Court of Appeals of Illinois, First District, Second Division

December 26, 2017

THE PEOPLE OF THE STATE OF ILLINOIS, Plaintiff-Appellee,
v.
RALPH EUBANKS, Defendant-Appellant.

         Appeal from the Circuit Court of Cook County, No. 10 CR 1904 Illinois. Honorable Timothy Joseph Joyce, Judge Presiding.

          JUSTICE MASON delivered the judgment of the court, with opinion. Presiding Justice Neville concurred in the judgment and opinion. Justice Pucinski dissented, with opinion.

          OPINION

          MASON JUSTICE

         ¶ 1 Defendant Ralph Eubanks was arrested after a hit-and-run accident that killed Maria Worthon and injured her six-year-old son, Jeremiah Worthon. Witnesses estimated Eubanks to have been driving at 60 to 90 miles per hour. After his arrest, Eubanks was forcibly subjected to blood and urine tests, the latter of which tested positive for cannabis, ecstasy, and cocaine metabolite.

         ¶ 2 Following a jury trial, Eubanks was found guilty of first degree murder, failure to report a motor vehicle accident involving death or injury, and aggravated driving under the influence. On appeal, he argues (i) the trial court erred by not instructing the jury on reckless homicide as a lesser-included offense of first degree murder, (ii) his conviction for failure to report an accident must be reversed where the State failed to prove that he did not report the accident at a police station within half an hour, (iii) the statute authorizing warrantless, nonconsensual blood and urine tests is unconstitutional, both on its face and as applied in Eubanks's case, and (iv) improper comments by the prosecutor denied Eubanks a fair trial.

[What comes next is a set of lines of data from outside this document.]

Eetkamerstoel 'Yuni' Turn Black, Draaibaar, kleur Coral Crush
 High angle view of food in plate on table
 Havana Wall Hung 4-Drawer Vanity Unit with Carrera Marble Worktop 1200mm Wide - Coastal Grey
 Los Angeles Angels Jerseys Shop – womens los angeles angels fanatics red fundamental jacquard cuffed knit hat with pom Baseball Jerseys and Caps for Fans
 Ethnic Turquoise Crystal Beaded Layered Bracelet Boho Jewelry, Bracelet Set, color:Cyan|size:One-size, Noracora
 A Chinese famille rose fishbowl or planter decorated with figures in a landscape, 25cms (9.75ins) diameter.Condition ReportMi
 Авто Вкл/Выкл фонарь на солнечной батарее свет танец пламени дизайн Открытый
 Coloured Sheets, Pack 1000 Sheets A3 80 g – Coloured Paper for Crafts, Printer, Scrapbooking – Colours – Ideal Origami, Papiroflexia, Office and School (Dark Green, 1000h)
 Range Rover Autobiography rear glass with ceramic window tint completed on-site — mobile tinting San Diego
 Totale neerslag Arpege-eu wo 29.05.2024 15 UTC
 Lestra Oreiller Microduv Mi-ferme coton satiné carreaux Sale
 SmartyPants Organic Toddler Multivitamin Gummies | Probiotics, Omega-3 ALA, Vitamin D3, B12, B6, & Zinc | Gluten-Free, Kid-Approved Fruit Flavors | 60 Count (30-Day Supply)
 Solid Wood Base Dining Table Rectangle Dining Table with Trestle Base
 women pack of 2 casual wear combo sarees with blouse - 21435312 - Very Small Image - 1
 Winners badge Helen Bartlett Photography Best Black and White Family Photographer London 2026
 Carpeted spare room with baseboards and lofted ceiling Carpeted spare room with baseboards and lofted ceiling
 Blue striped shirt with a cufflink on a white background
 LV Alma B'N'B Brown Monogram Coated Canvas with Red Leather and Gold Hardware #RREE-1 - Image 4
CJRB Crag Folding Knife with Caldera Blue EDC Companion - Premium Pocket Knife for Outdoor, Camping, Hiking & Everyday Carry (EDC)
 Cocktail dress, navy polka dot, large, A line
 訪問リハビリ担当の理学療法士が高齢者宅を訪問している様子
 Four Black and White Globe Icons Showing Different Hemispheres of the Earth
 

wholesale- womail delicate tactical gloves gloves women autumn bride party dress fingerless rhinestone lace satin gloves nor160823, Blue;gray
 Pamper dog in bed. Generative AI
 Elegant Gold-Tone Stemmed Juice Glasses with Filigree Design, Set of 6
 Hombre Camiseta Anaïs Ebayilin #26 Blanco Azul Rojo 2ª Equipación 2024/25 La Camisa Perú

          ¶ 3 We agree with Eubanks on the first three points and, therefore, need not reach the fourth. Accordingly, we (i) reverse Eubanks's conviction for first degree murder and remand for a new trial on that charge, (ii) reduce his conviction for Class 1 failure to report an accident to the Class 4 version of the offense in the same statute (625 ILCS 5/11-401(a), (c) (West 2008)), and (iii) reverse Eubanks's conviction for aggravated driving under the influence.

         ¶ 4 BACKGROUND

         ¶ 5 Suppression Hearing

         ¶ 6 Before trial, Eubanks moved to suppress the result of his blood and urine tests, arguing that the tests were an unconstitutional search because Eubanks did not consent to be tested, the police did not have a warrant, and there were no exigent circumstances excusing the failure to obtain one. Eubanks also filed a motion to declare unconstitutional section 11-501.2(c)(2) of the Illinois Vehicle Code (625 ILCS 5/11-501.2(c)(2) (West 2008)), the statute under which the testing was performed:

"[I]f a law enforcement officer has probable cause to believe that a motor vehicle driven by or in actual physical control of a person under the influence of alcohol, other drug or drugs, or intoxicating compound or compounds, or any combination thereof has caused the death or personal injury to another, that person shall submit, upon the request of a law enforcement officer, to a chemical test or tests of his or her blood, breath or urine for the purpose of determining the alcohol content thereof or the presence of any other drug or combination of both."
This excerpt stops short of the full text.